Abstract:
Objective High-altitude forest monitoring faces multiple constraints, including cloud interference, limited training samples, and high spectral similarity among tree species. These factors severely restrict accurate mapping of dominant species distributions. This study, focusing on typical pure forests in Shangri-La, aimed to enhance species identification accuracy and model generalization through multi-source data and multi-strategy feature optimization.
Method Sentinel-2 optical time-series, Sentinel-1 radar, and SRTM topographic data were retrieved via Google Earth Engine. We extracted spectral, texture, vegetation index, radar polarization, topographic, and temporal features to construct a baseline feature set. A Random Forest (RF) model first established a pre-selection benchmark. J-M distance, ReliefF, and RFE algorithms were then executed in parallel to generate three individual feature subsets. These subsets were merged via union fusion to create a parallel hybrid feature set. Both individual and hybrid feature sets were input into RF models for classification. The optimal scheme was identified by comparing results across all feature sets. Accuracy was evaluated using Producer’s Accuracy (PA), User’s Accuracy (UA), F1-score, Overall Accuracy (OA), and Kappa coefficient.

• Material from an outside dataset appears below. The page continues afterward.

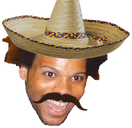 TriAmigos emote
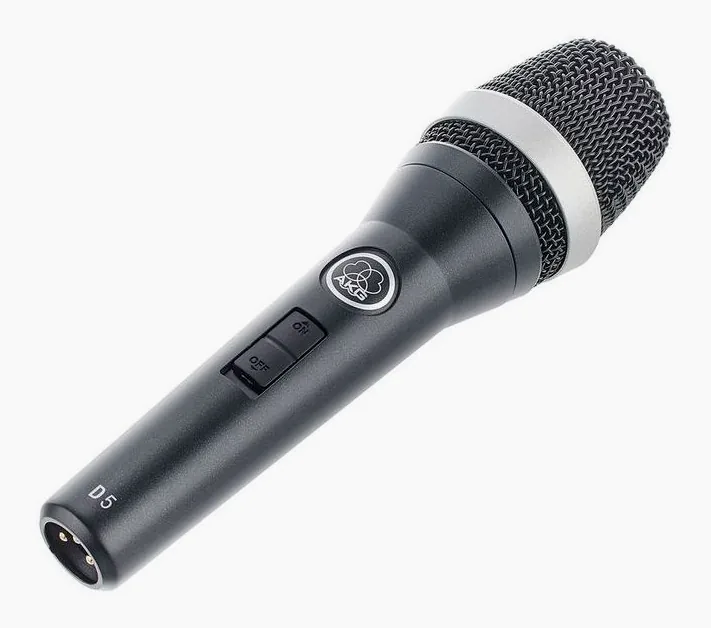 AKG D5 S, vue de face, photo 2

Result (1) Scheme 9, based on the parallel hybrid of J-M distance, ReliefF, and RFE, achieved the highest accuracy (OA = 94.82%, Kappa = 0.94), surpassing the pre-selection baseline (Scheme 5). (2) Multi-source data integration outperformed single-source data. Using Sentinel-2 data alone yielded an OA of 83.35% (Kappa = 0.79). Adding Sentinel-1 radar features, Sentinel-1 texture features, topographic features, and Sentinel-2 temporal features increased OA by 0.87%, 6.28%, 8.08%, and 10.18%, respectively (Kappa = 0.81, 0.86, 0.90, 0.92). Notably, Sentinel-2 temporal features alone contributed a 2.10 percentage point improvement. (3) Temporal vegetation index curves revealed significant inter-species differences and strong separability during autumn and winter.
Conclusion The parallel hybrid feature selection approach, integrating multi-source GEE data, effectively improved identification accuracy of dominant forest species in Shangri-La. It systematically revealed their spatial distribution patterns and provides robust technical support for precision monitoring of forest resources in high-altitude regions.